Actually I was reading that the derivatives market is what is driving the price down, not the actual PM. Once again the brokers and banks are screwing with the actual market, trading paper and not actual silver.


----------



## tango (Apr 12, 2013)

Silver eagles sold out, supply cannot meet demand.
Yet, some say PM'S have no value--- go figure--


----------



## scramble4a5 (Nov 1, 2012)

tango said:


> Silver eagles sold out, supply cannot meet demand.
> Yet, some say PM'S have no value--- go figure--


Buy low now sell high later maybe? The price is attractive.


----------



## anosh (Feb 7, 2015)

Please note I do not recommend PMs as an investment. I do believe 70-642 they'd make life a little easier during the start of a SHTF and well after (not much in between). As I recall people seem to complain (as I did as a youngster ) about the dealer mark up....."too much" I hear the cries. You see when I was 20 years old and working full time as a police officer and going to college full time I use to buy Canadian Maple. Leaf $5 silver one ounce coins. My local dealer charged me $5.90 plus tax and so it came to $6.25 most of the time. He didn't care if I bought 1, 5 or 20 he always charged me that same per coin mark up and it really bugged me. So much so that after 300 or 350 coins I quit. Over two years I bought from him and no break, but today I can't complain.


----------



## alterego (Jan 27, 2013)

I have been buying and selling silver since 2003. American silver eagles sell out every year. And every year it is used as a marketing ploy.


----------



## Ripon (Dec 22, 2012)

Thank you. I knew this but I find silver bugs often refusing to admit it. Some think it's the EOTWAWKI each time.



alterego said:


> I have been buying and selling silver since 2003. American silver eagles sell out every year. And every year it is used as a marketing ploy.


----------



## PatriotFlamethrower (Jan 10, 2015)

Silver Eagles are fine to own. But WTSHTF, and the U.S. dollar instantly turns into toilet paper, the best type of silver to own are the pre-1965 U.S. half-dollars, quarters, and dimes. Why is that? Because the average Joe probably doesn't have a clue what the hell a Silver American Eagle is, but just about EVERYBODY knows that pre-1965 U.S. coins are 90% silver.

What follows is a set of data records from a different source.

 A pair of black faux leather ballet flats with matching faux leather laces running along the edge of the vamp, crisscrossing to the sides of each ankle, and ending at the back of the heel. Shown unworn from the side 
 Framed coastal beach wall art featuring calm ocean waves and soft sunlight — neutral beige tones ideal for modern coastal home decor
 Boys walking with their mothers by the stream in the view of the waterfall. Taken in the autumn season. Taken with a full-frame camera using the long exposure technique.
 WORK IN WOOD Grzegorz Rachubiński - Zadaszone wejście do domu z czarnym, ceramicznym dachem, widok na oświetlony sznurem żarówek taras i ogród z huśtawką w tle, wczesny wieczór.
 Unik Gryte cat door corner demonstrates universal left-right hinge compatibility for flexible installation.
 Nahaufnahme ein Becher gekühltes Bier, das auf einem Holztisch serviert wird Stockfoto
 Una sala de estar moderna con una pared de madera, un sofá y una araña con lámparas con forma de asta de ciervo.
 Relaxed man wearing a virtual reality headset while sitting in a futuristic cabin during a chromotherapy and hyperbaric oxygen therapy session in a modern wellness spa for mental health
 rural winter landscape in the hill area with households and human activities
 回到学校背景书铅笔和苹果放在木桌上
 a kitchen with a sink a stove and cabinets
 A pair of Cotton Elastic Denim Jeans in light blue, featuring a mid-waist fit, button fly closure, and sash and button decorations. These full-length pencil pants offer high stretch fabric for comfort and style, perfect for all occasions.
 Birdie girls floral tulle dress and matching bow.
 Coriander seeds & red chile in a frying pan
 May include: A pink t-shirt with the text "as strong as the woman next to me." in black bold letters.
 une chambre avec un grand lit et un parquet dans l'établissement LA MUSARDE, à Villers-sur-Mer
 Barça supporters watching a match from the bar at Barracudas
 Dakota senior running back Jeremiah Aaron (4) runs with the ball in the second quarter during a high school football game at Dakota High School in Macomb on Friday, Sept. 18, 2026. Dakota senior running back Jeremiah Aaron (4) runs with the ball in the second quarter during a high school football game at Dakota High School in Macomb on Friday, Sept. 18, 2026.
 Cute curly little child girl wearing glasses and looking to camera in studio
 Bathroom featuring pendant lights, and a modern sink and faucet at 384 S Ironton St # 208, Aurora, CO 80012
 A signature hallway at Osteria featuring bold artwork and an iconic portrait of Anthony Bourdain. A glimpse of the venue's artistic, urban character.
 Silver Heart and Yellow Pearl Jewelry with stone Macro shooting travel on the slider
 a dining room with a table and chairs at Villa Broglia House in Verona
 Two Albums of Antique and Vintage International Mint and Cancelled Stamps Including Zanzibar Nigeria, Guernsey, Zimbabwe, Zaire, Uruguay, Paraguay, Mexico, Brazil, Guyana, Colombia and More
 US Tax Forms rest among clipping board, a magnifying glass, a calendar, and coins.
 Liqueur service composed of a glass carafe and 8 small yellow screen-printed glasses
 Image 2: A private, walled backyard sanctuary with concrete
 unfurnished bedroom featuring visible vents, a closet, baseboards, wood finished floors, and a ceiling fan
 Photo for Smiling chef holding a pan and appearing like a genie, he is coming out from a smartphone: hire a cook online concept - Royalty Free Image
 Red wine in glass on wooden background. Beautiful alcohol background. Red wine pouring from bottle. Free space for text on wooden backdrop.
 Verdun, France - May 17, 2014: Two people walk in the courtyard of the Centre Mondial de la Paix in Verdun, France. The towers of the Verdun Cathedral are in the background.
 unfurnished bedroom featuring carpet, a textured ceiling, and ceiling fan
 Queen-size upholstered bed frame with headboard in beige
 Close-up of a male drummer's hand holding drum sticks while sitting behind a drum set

So collect those Franklin half dollars, Washington quarters, and Roosevelt and Mercury dimes. The markup is a lot less than the SAEs, so you get more bang for your buck, too.


----------



## sideKahr (Oct 15, 2014)

Pre-65 coins are fine. But my guess is in a currency crisis, people will learn PDQ what has value, and that includes SAEs.


----------